The database of QR codes of vaccinated Russians from the STOP Coronavirus Public Services application appeared on one of the forums on the dark web. This is reported by the telegram channel «Information Leaks».
In the sample data, the message says, 10 thousand lines.
The table contains the first letters of the last name, first name and patronymic of the grafted person in Russian and English, date of birth, UNRZ, the first two digits of the series, and the last three digits of the passport number, the name of the vaccine in English and Russian, as well as a QR code in PNG format and its validity period.
The seller claims that the database contains 48 million rows, the cost of the table is $100,000.
According to the authors of the telegram channel, «selective verification» showed that QR codes from the database are valid, leading to «Gosuslugi» and match the code from the official page for checking QR codes.
Mediazona discovered a vulnerability on the Gosuslug website that could cause a leak six months ago, in August 2021.
< blockquote class="twitter-tweet">
a little about the safety of our data in the hands of the state (thread)
Last summer, @Zforever and I were looking into the COVID registry, and we were horrified to discover that the data from vaccination certificates just sticks out.
— Litavrin (@litavrinm) January 25, 2022
The editors noticed that one of the old links for checking the validity of vaccination certificates allows you to disclose his data without authorization.
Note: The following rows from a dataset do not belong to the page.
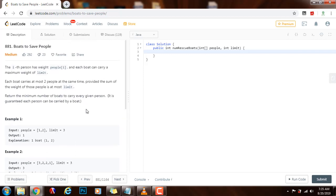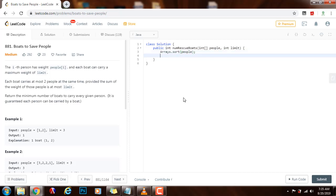Without further ado, here's the code. First, sort the input array with Arrays.sort(people). Then initialize integer left to zero, right to people.length minus one, and the final result — the number of boats needed — to zero.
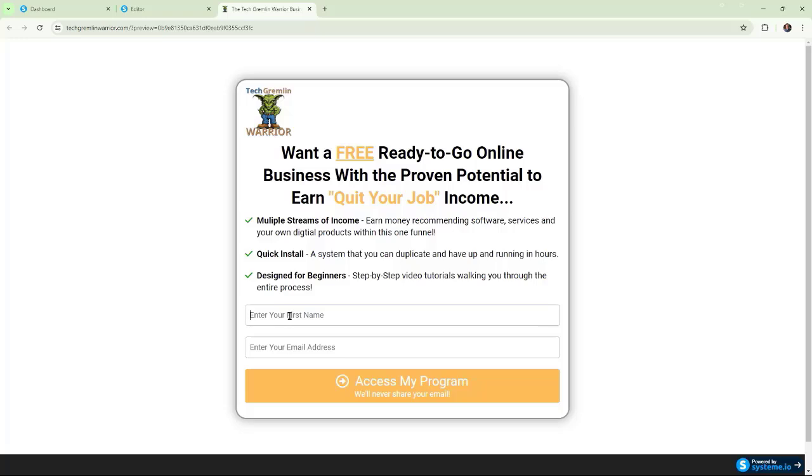A couple things to keep in mind. Number one, the most obvious thing that comes to mind is, are you using an email, a name and email that's already in the system? So, that's something that you might run into. So, the very first thing you want to do is just test, and then we'll use my test, gremlinwarrior at gmail.com.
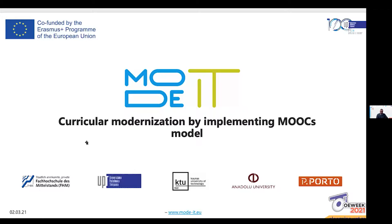Thank you for this opportunity. Since we don't have too much time, I will not really focus on myself. I'm just a professor at the Anadolu University of Turkey and I've been doing a lot of work regarding MOOCs. Today I'm here to introduce our MOD-IT project, whose full title is Curricular Modernization by Implementing MOOCs Model.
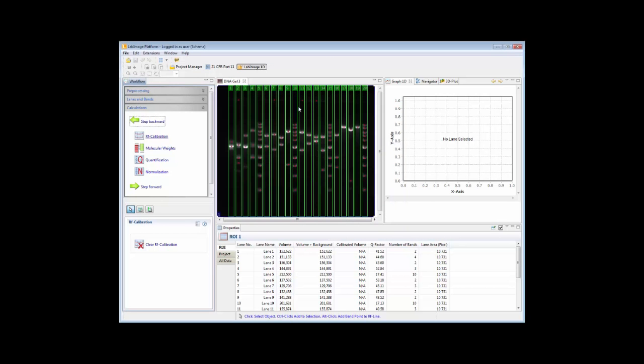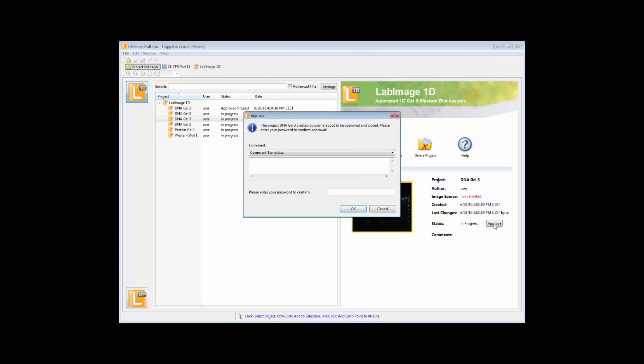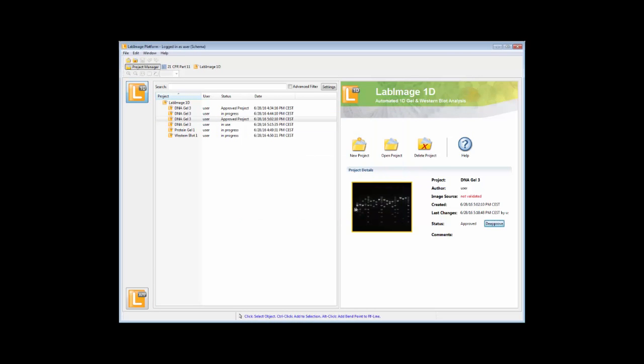If you are done with the processing, you refer to the project manager and you can approve your project by just clicking on the Approve button. You have to confirm with your password. And now this project is in Approved mode, so no modification is possible.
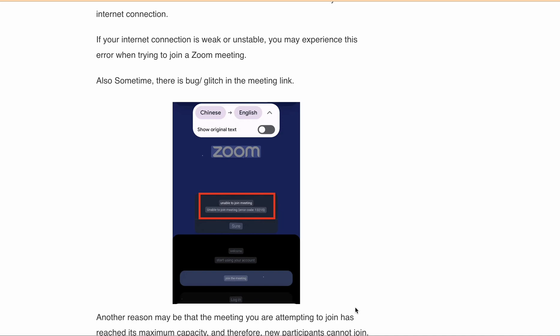If you're also a user who is not able to join Zoom meetings and getting this error, then you're on the right video. In this video we will explore the possible causes of error code 13215 and provide solutions to help you resolve this issue.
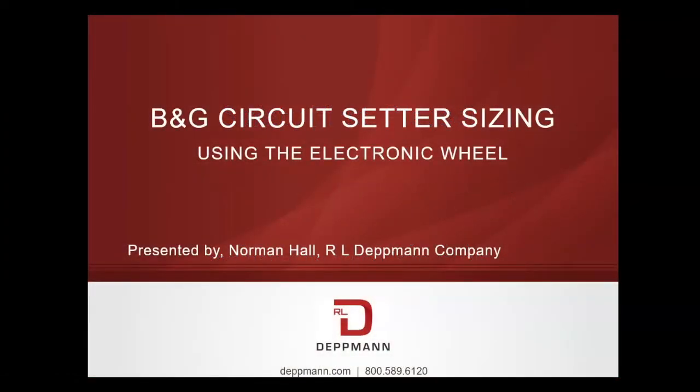Today we want to look at the Bell & Gossett circuit setter sizing program and use it in an example for the RL Deppmann Company Monday Morning Minutes.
The certificate number consists of 16 digits — 9, the region number and the UNRZ number, which is generated sequentially for each vaccinated.
By substituting the UNRZ number into this link and selecting the region number, it was possible to obtain information about each person vaccinated in Russia.
Mediazona reported the problem and described the vulnerability in detail to Rostelecom, and also sent the information to the press service Mintsifra, but did not receive a response. As early as December 15, the vulnerability had not been fixed. Now it is no longer possible to use it.
According to the press service of the Ministry of Digital Development, the department has already begun checking the message about the leak. There is no threat to the security of personal data of users of the STOP Coronavirus Public Services application, the ministry assured. -cite__image» alt=»1″ />What the QR code hides. There are 29 million entries in the coronavirus registry of the Ministry of Health, five times more than the official number of cases in Russia
Updated at 22:53. Comment added by Mintsifra.